23, Ed. Especial, e9, 2019
DOI:
https://doi.org/10.5902/2236117038531
Submissão:
12/06/2019 Aprovação: 12/06/2019 Publicação:
25/06/2019
Production
and evaluation of particleboard made of sawdust and sugarcane bagasse with
polyurethane resin based on castor oil
Produção
e avaliação de painéis de partículas de serragem e bagaço de cana
com poliuretano a base de óleo
de mamona
Raissa Pravatta PivettaI
Ana
Laura Soler Cunha BuzoII
Estéfani Suana SugaharaIII
Sérgio Augusto de Mello da SilvaIV
I Graduanda, Departamento de Engenharia Civil, Universidade Estadual Paulista - UNESP,
Ilha Solteira, SP, Brasil.
raissa_ppivetta@hotmail.com
II Mestrandas, Departamento de Engenharia Civil, Universidade Estadual
Paulista - UNESP, Ilha Solteira, SP, Brasil. analaurasolercunha@gmail.com
III Mestrandas, Departamento de Engenharia Civil, Universidade Estadual
Paulista - UNESP, Ilha Solteira, SP, Brasil. estefanisugahara@hotmail.com
IV Doutor, Departamento de Engenharia Civil, Universidade Estadual Paulista -
UNESP, Ilha Solteira, SP, Brasil.
Abstract
Among the goals
for sustainable development in Brazil, studies have been conducted to better
use of industrial and agricultural waste to promote adequate final disposal of
these and generate new materials that minimize the exploitation and use of
natural resources. In this work, the proposal is to make and evaluate boards
with nominal density of 0.80 g.cm-3 using sugar cane bagasse, sawdust and
polyurethane resin derived from castor oil. Thus, three treatments with
different percentages of particles and 10% of PU-castor were proposed for the
preparation of boards that were pressed with a pressure of 50 kgf.cm-2, a temperature of 100 °C and a
pressing time of ten minutes. The boards were
evaluated for their physical properties (density, moisture content and
swelling) and mechanical (static flexure and perpendicular traction) according
to NBR 14810: 2-2013 and presented average values density of 936 to 937 kg.m-3,
swelling after 24 hours of 5.0 to 7.2%, modulus of resistance to static bending
of 22 to 23 MPa and perpendicular traction of 0.71 to 0.87 MPa. The results obtained
with the tests indicate the great potential of use of sugarcane bagasse and
sawdust to produce boards of high density particles.

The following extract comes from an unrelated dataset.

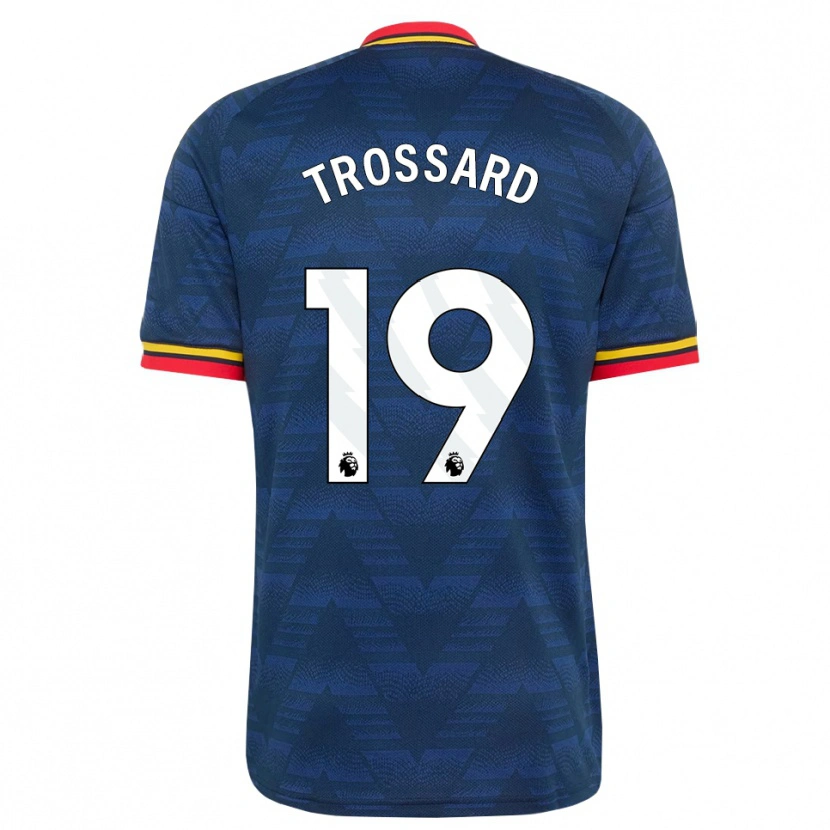 Danxen Män Leandro Trossard #19 Midnattsblå Gul Röd Bortatröja Matchtröjor 2026/27 Tröjor T-Tröja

Keywords: Particleboards; Wood waste; Agroindustrial waste
Dentre as metas para um desenvolvimento sustentável, no Brasil são realizados
estudos para melhor aproveitamento de resíduos industriais e agrícolas de forma
a promover adequada disposição final destes e gerar novos materiais
que minimizem a exploração
e o uso de recursos naturais. Neste trabalho, propõe-se confeccionar e avaliar painéis de partículas com densidade nominal
de 0,80 g.cm-3 empregando-se
bagaço de cana-de-açúcar, serragem e adesivo poliuretano bicomponente derivado de óleo de mamona. Assim, foram propostos
três tratamentos com porcentagens diferentes de partículas e 10% de PU-Mamona
para confecção de painéis
que foram prensados com pressão de 50 kgf.cm-2, temperatura
de 100 °C e tempo de prensagem de dez
minutos. Os painéis foram avaliados
em suas propriedades
físicas (densidade, umidade e inchamento) e mecânicas (flexão estática e tração perpendicular)

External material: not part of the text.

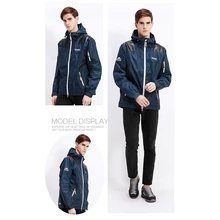 Royalway Кемпинг Походные куртки Для мужчин открытый Водонепроницаемый ветрозащитный Теплый Высокое качество ветровка дождевик осень г.# RCM4028AF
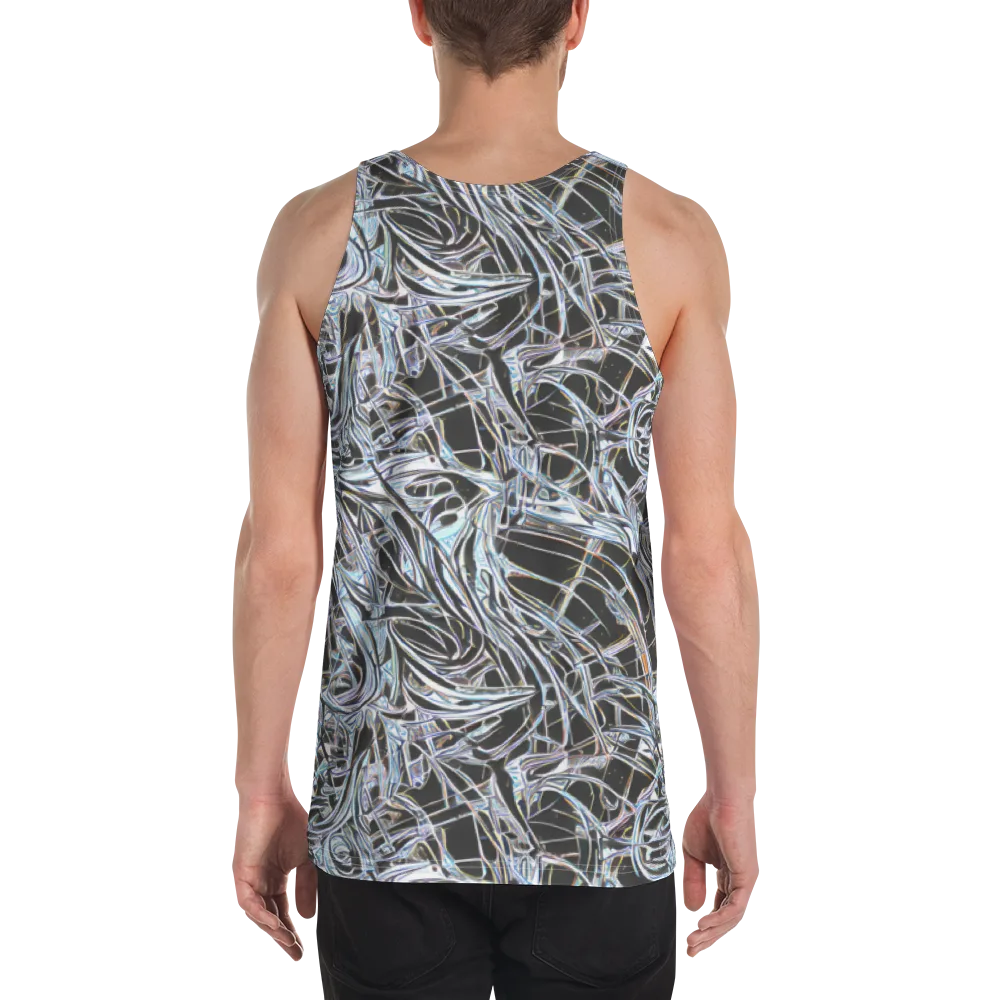 Chrome Tangle on Men's Tank Top — Back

de acordo com a NBR 14810:2-2013 e apresentaram valores médios de densidade de 936 a 937 kg.m-3,
Inchamento após 24h de 5,0 a 7,2%, módulo de resistência à flexão estática de 22 a 23 MPa e resistência
à tração perpendicular de 0,71 a 0,87 MPa. Os resultados obtidos
com os ensaios indicam o grande potencial de utilização de bagaço de cana
e serragem para produção de
painéis de partículas de alta densidade.
Palavras-chave: Painéis de partículas; Resíduos de madeira; Resíduos agroindustriais
1
Introduction
The exponential
growth of the world population with the rise in industrial activities had the
effect of increasing the demand for raw materials and also of the generation of
waste. Waste is material discarded in production and consumption chains that,
due to technological or market limitations, end up not having use or economic
value, and may cause negative impacts to the environment when handled improperly
(NOLASCO, 1998).
Forest-based
industries in Brazil generate a significant amount of waste during the
operational phases, from logging to the final product. In the study carried out
by Cerqueira et al. (2012) it was verified that the main wastes generated by
sawmills are sawdust (36.17%), firewood (25.53%), woodcuts (23.40%) and wood
chips (12.77%) and that for every 1.720 m3 of wood processed
annually, 396.6 m3 of waste is generated, thus creating a scenario
of low technological level and bad use of wood due to the large amount of waste
generated. This volume shows the great potential of using these materials to
produce particleboard.
According to the
Brundtland Report (1988), sustainable development must be understood as a
transformation process in which resource exploitation, investment direction, technological
development orientation and institutional change meet the needs of the present
without compromising the future generations to meet their own needs.
In this way, the
lumber sector focused on improving environmental performance using new inputs, such
as in the process of producing boards with biodegradable adhesives and various
vegetable residues such as tree pruning, bark, sugarcane, wood chips and other.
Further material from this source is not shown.